No entanto, não basta ter “boa vontade”, é preciso lembrar que as relações econômicas não são feitas de benevolência, mas de incentivos corretos e em razão disso, trazemos destaques importantes para a redação do Projeto de Lei Complementar (PLP 12/2024), referente a relação de trabalho intermediado por empresas operadoras de aplicativos de transporte remunerado privado individual de passageiros em veículos automotores de quatro rodas, como passaremos a tratar.

A remuneração a ser paga pela empresa de aplicativo ao motorista está prevista no art. 9º do PLP 12/2024. O valor da remuneração é de R$ 32,0 por hora e está dividida em duas remunerações: remuneração pelo serviço prestado (R$ 8,03) e remuneração pelos custos incorridos na prestação do serviço[2] (R$ 24,07).

A inserção do motorista de aplicativo no Regimes Geral de Previdência Social (RGPS) está disposta no art. 10 que, em apertada síntese, dispõe que o motorista recolherá 7,5% do valor da remuneração horária e a empresa de aplicativo recolherá 20% do valor total da remuneração horária (art. 11, III[3] e Art. 26-A[4]).
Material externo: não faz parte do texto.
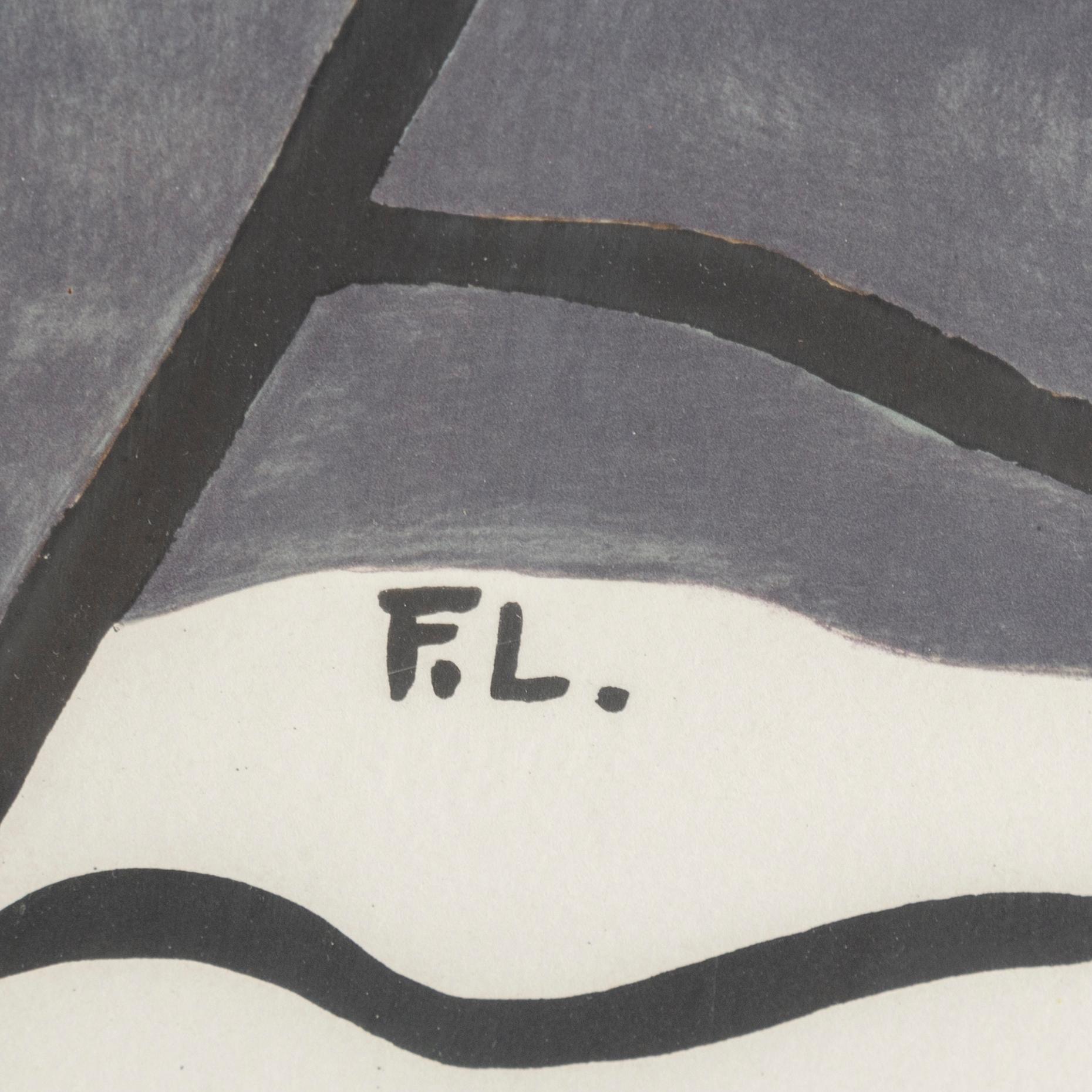 FERNAND LÉGER, efter, färglitografi, signerad i trycket. Numrerad 544/600.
O PLP 12/2024 também assegura a inexistência de qualquer relação de exclusividade entre o trabalhador e a empresa operadora de aplicativo, assegurado o direito de prestar serviço de transporte remunerado privado individual de passageiros em veículo automotor de quatro rodas, com intermediação de mais de uma empresa operadora de aplicativo no mesmo período (art. 3º, I) e a inexistência de quaisquer exigências relativas a tempo mínimo à disposição e de habitualidade na prestação do serviço (art. 3º, II).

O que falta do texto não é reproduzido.